▶ **Extracted information**:
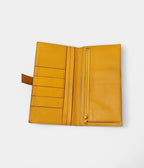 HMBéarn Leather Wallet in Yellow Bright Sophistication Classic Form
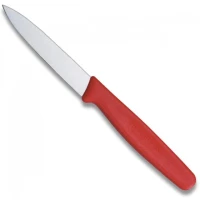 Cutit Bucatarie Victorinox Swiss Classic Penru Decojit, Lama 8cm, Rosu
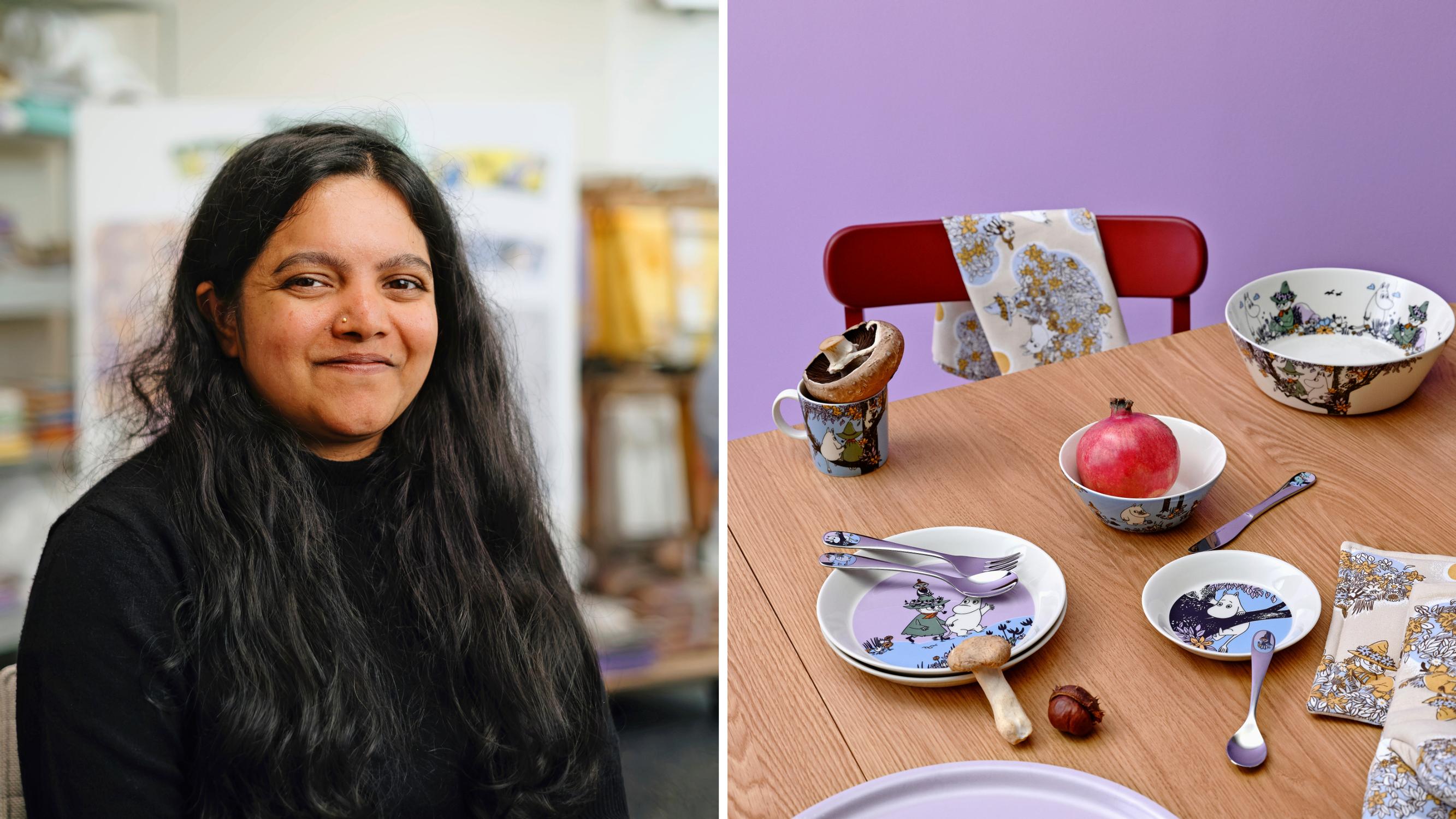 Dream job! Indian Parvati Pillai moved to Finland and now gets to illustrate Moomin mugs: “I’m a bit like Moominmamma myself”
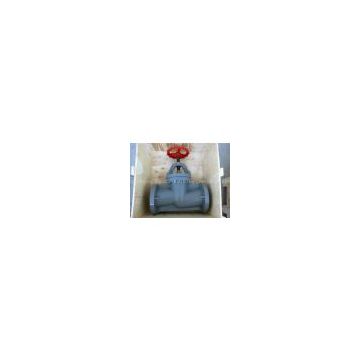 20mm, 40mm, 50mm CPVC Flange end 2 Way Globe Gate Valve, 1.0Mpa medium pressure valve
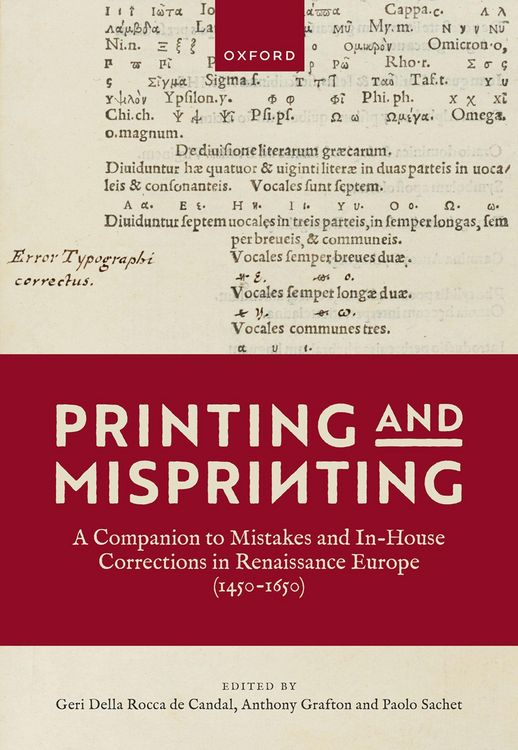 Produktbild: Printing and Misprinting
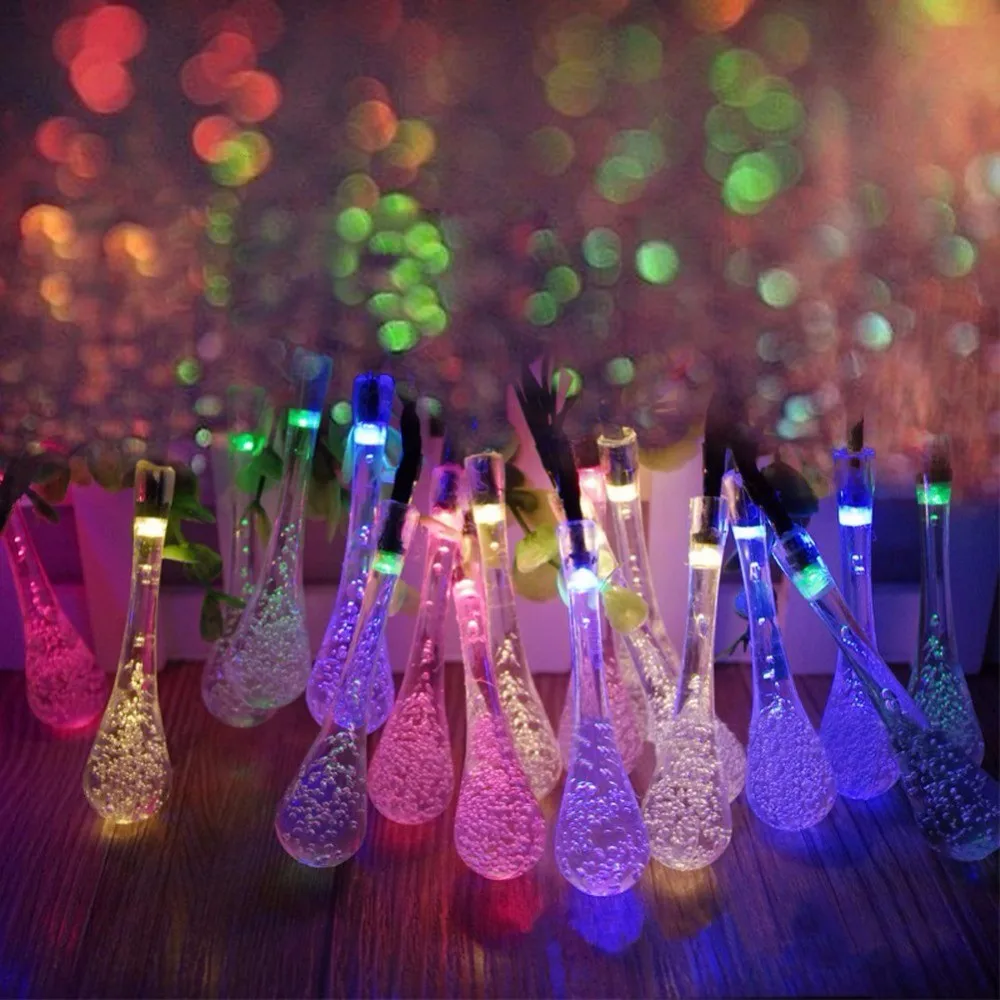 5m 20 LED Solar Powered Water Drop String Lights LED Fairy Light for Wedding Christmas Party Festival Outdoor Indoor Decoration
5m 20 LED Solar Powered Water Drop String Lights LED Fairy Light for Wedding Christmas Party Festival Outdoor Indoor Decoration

▶ **Action item**:
Please print every record exactly as written, without the pictures.

▶ **Output of the task**:
 HMBéarn Leather Wallet in Yellow Bright Sophistication Classic Form
 Cutit Bucatarie Victorinox Swiss Classic Penru Decojit, Lama 8cm, Rosu
 Dream job! Indian Parvati Pillai moved to Finland and now gets to illustrate Moomin mugs: “I’m a bit like Moominmamma myself”
 20mm, 40mm, 50mm CPVC Flange end 2 Way Globe Gate Valve, 1.0Mpa medium pressure valve
 Produktbild: Printing and Misprinting
 5m 20 LED Solar Powered Water Drop String Lights LED Fairy Light for Wedding Christmas Party Festival Outdoor Indoor Decoration
5m 20 LED Solar Powered Water Drop String Lights LED Fairy Light for Wedding Christmas Party Festival Outdoor Indoor Decoration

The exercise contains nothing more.